Khalil Reid, an African-American student at City Neighbors Charter School, said he has never been denied service at a restaurant because of the color of his skin. He hasn't been turned away at a department store or movie theater either.
But he didn't like finding out that was the case for others years ago.
On Saturday, the sixth-grader was one of 40 City Neighbors students who formed a picket line at the former Read's drug store at Howard and Lexington streets in Baltimore, where African-Americans were denied lunch counter service in the 1950s.
A developer wants to tear down the store to make way for a $150 million development called Lexington Square. Reid and his schoolmates were marching to show support for preservationists and civil rights leaders who are trying to save the building as a landmark in American civil rights history. They want it to be a monument to the people who fought against discrimination by holding a peaceful sit-in there in January 1955, five years before the more-famous lunch counter sit-in in Greensboro, N.C.

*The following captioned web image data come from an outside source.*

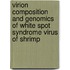Virion composition and genomics of white spot syndrome virus of shrimp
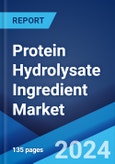 Protein Hydrolysate Ingredient Market Report by Type, Product Form, Application, and Region 2024-2032- Product Image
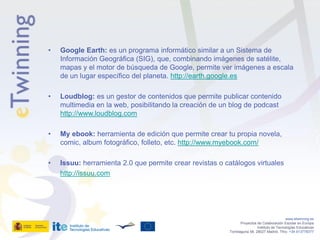 •   Google Earth: es un programa informático similar a un Sistema de
    Información Geográfica (SIG), que, combinando imágenes de satélite,
    mapas y el motor de búsqueda de Google, permite ver imágenes a escala
    de un lugar específico del planeta. http://earth.google.es

•   Loudblog: es un gestor de contenidos que permite publicar contenido
    multimedia en la web, posibilitando la creación de un blog de podcast
    http://www.loudblog.com

•   My ebook: herramienta de edición que permite crear tu propia novela,
    comic, album fotográfico, folleto, etc. http://www.myebook.com/

•   Issuu: herramienta 2.0 que permite crear revistas o catálogos virtuales
    http://issuu.com




                                                                                            www.etwinning.es
                                                                Proyectos de Colaboración Escolar en Europa
                                                                          Instituto de Tecnologías Educativas
                                                         Torrelaguna 58, 28027 Madrid. Tfno: +34 913778377
 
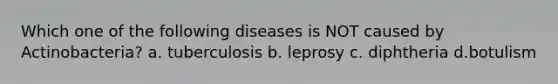 Which one of the following diseases is NOT caused by Actinobacteria? a. tuberculosis b. leprosy c. diphtheria d.botulism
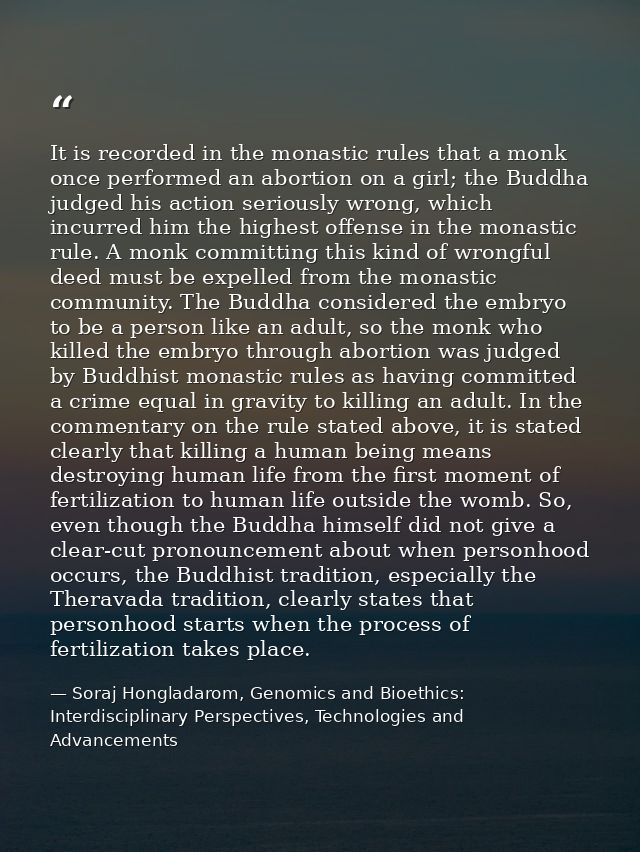 It is recorded in the monastic rules that a monk once performed an abortion on a girl; the Buddha judged his action seri — Soraj Hongladarom, Genomics and Bioethics: Interdisciplinary Perspectives, Technologies and Advancements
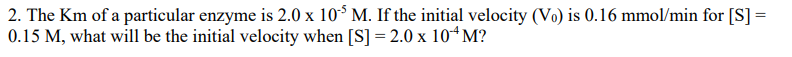 2. The Km of a particular enzyme is 2.0 x 105 M. If the initial velocity (Vo) is 0.16 mmol/min for [S] =
0.15 M, what will be the initial velocity when [S] =2.0 x 10+M?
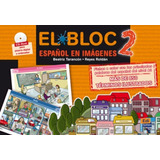 El Bloc 2 - Espanol En Imagenes + Cd-rom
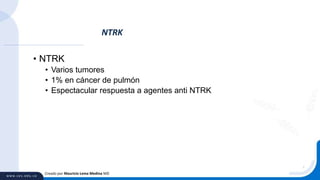 • NTRK
• Varios tumores
• 1% en cáncer de pulmón
• Espectacular respuesta a agentes anti NTRK
NTRK
Creado por Mauricio Lema Medina MD
 
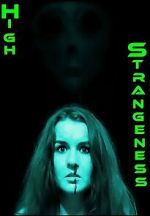 Watch High Strangeness M4ufreemovies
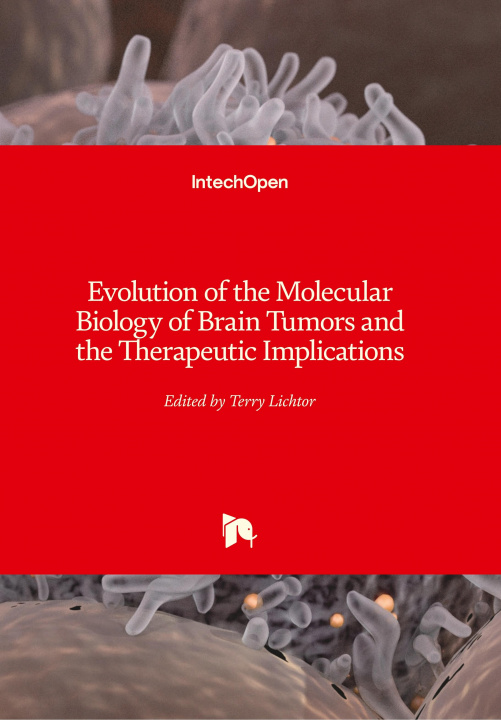 Boek Evolution of the Molecular Biology of Brain Tumors and the Therapeutic Implications Terry Lichtor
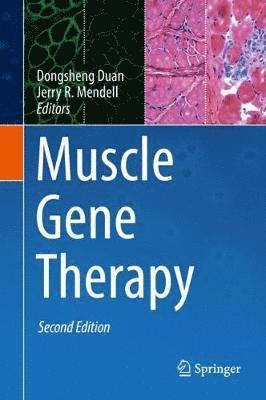 Dongsheng Duan, Jerry R. Mendell - Muscle Gene Therapy, Inbunden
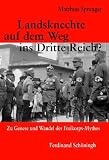 Landsknechte auf dem Weg ins Dritte Reich?: Zu Genese und Wandel des Freikorps-Mythos - Matthias Sprenger
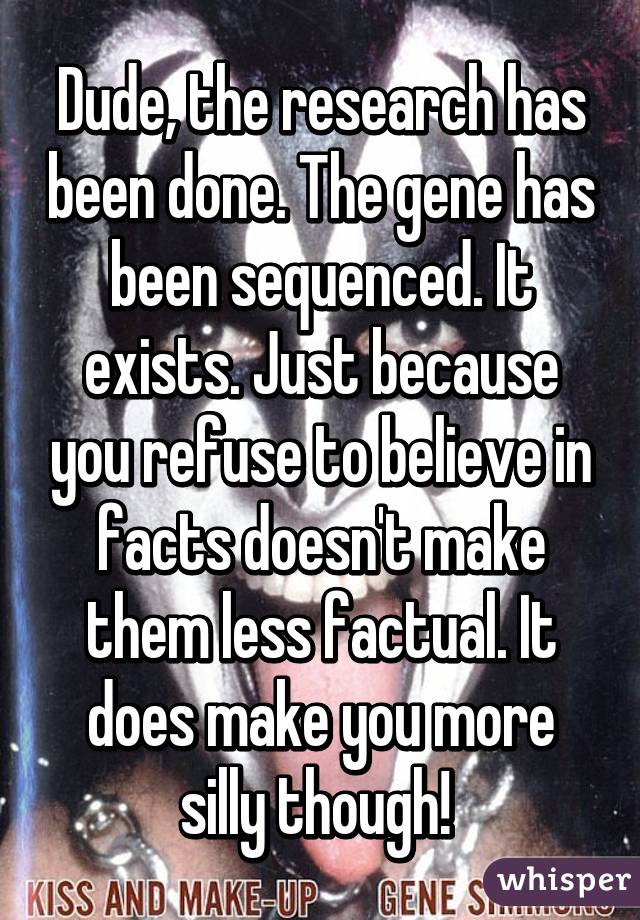 Dude, the research has been done. The gene has been sequenced. It exists. Just because you refuse to believe in facts doesn't make them less factual. It does make you more silly though!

"There was a time when we weren't able to sit at the lunch counter," Reid said. "I'm here to respect our past, so people won't forget it."
The students were joined by Helena Hicks, 76, one of the college students who took part in the 1955 Read's sit-in; representatives from Morgan State University, the institution Hicks attended; and members of Baltimore Heritage, a preservation advocacy group.
The picket line was the idea of Peter French, a City Neighbors social studies teacher for grades six, seven and eight. For the current trimester, French wanted to teach students about civil disobedience in the Jim Crow era, especially in Baltimore.
After reading newspaper articles about the endangered Read's store, French said, he thought that teaching students about the building's history and visiting the site would be a perfect way to localize the civil rights issue for them. "We decided to follow in the footsteps of Dr. Hicks, who made our life better," he said. "That's why we're here today."
Besides the picketing effort, which was treated as a voluntary field trip, the students are role-playing to imagine what it was like to be a Morgan student during a sit-in and interviewing people who have taken took part in civil rights demonstrations.
"It was a good event and the kids loved it," French said after the protest. Besides, "I don't like being in the classroom."
Watching the students outside Read's, Hicks said their picketing has helped bring the 1955 sit-in to life so future generations can understand what the Morgan students went through.
"That's what is so good about this," she said. "This may have been a bad experience for me years ago, but it can turn into something good if we don't let the story die. Things will only get better if we make them better."